WHAT YOU WILL DO.
Transcribe exactly, and only, the lines running from the one with "Glass Vase with" to the end of the entries below, both included, without any pictures.

[TASK DATA Boundary: Start]

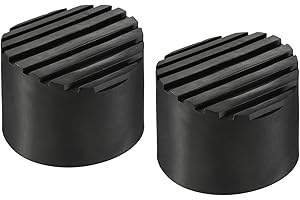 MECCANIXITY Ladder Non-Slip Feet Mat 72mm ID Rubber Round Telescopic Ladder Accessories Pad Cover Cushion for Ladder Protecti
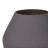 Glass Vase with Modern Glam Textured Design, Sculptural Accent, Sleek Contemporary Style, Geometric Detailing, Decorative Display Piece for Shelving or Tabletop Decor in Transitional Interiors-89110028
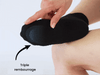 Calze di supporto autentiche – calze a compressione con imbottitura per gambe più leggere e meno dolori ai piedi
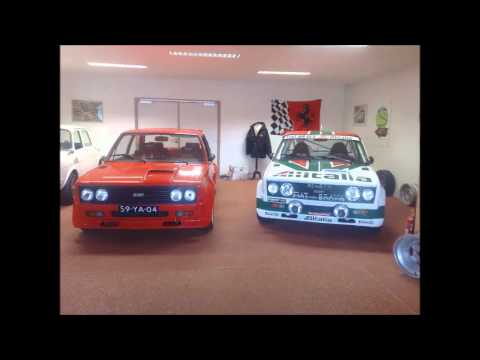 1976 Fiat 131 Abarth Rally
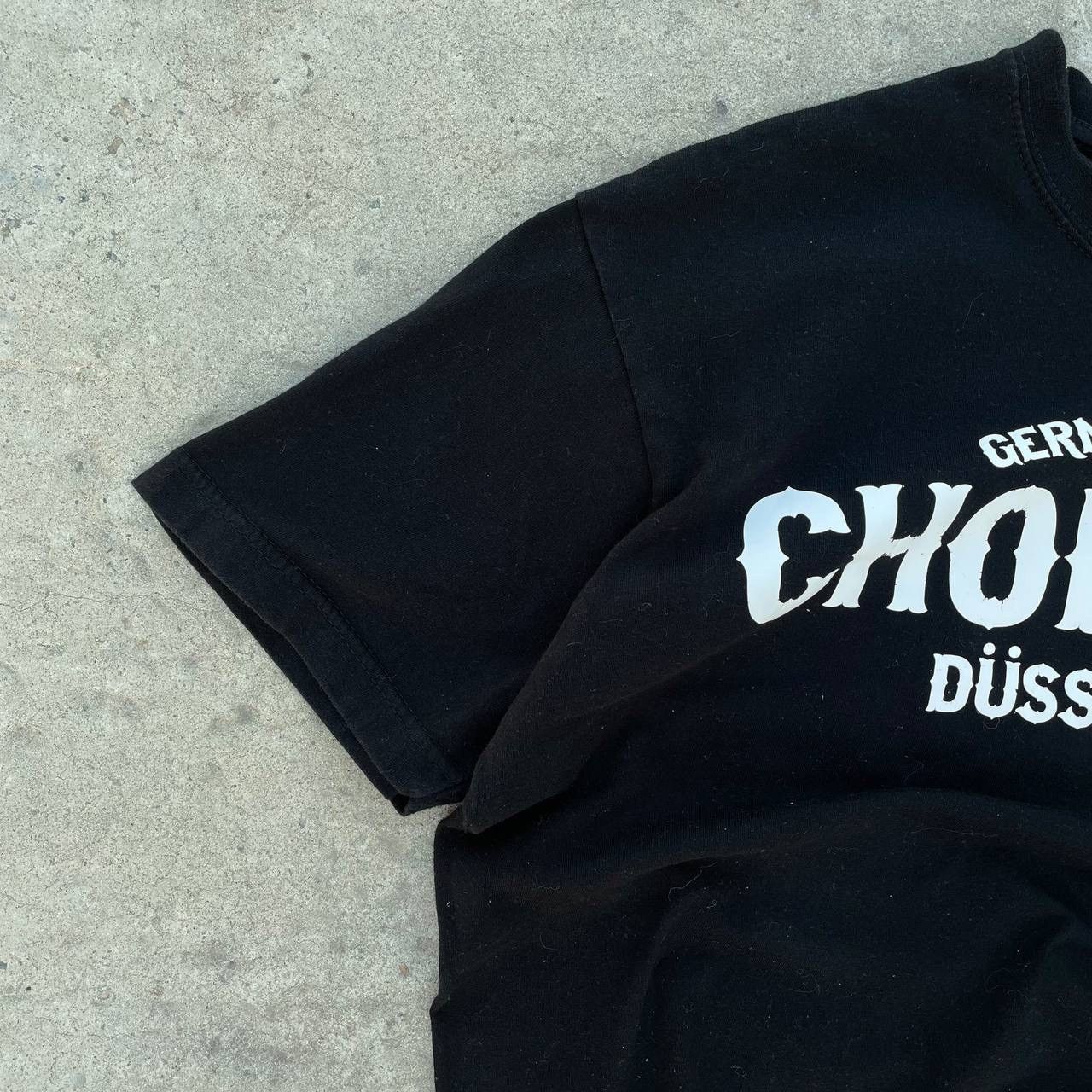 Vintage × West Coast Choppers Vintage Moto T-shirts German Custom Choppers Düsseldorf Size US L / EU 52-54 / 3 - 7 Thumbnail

[TASK DATA Boundary: End]

EXERCISE RESULT.
 Glass Vase with Modern Glam Textured Design, Sculptural Accent, Sleek Contemporary Style, Geometric Detailing, Decorative Display Piece for Shelving or Tabletop Decor in Transitional Interiors-89110028
 Calze di supporto autentiche – calze a compressione con imbottitura per gambe più leggere e meno dolori ai piedi
 1976 Fiat 131 Abarth Rally
 Vintage × West Coast Choppers Vintage Moto T-shirts German Custom Choppers Düsseldorf Size US L / EU 52-54 / 3 - 7 Thumbnail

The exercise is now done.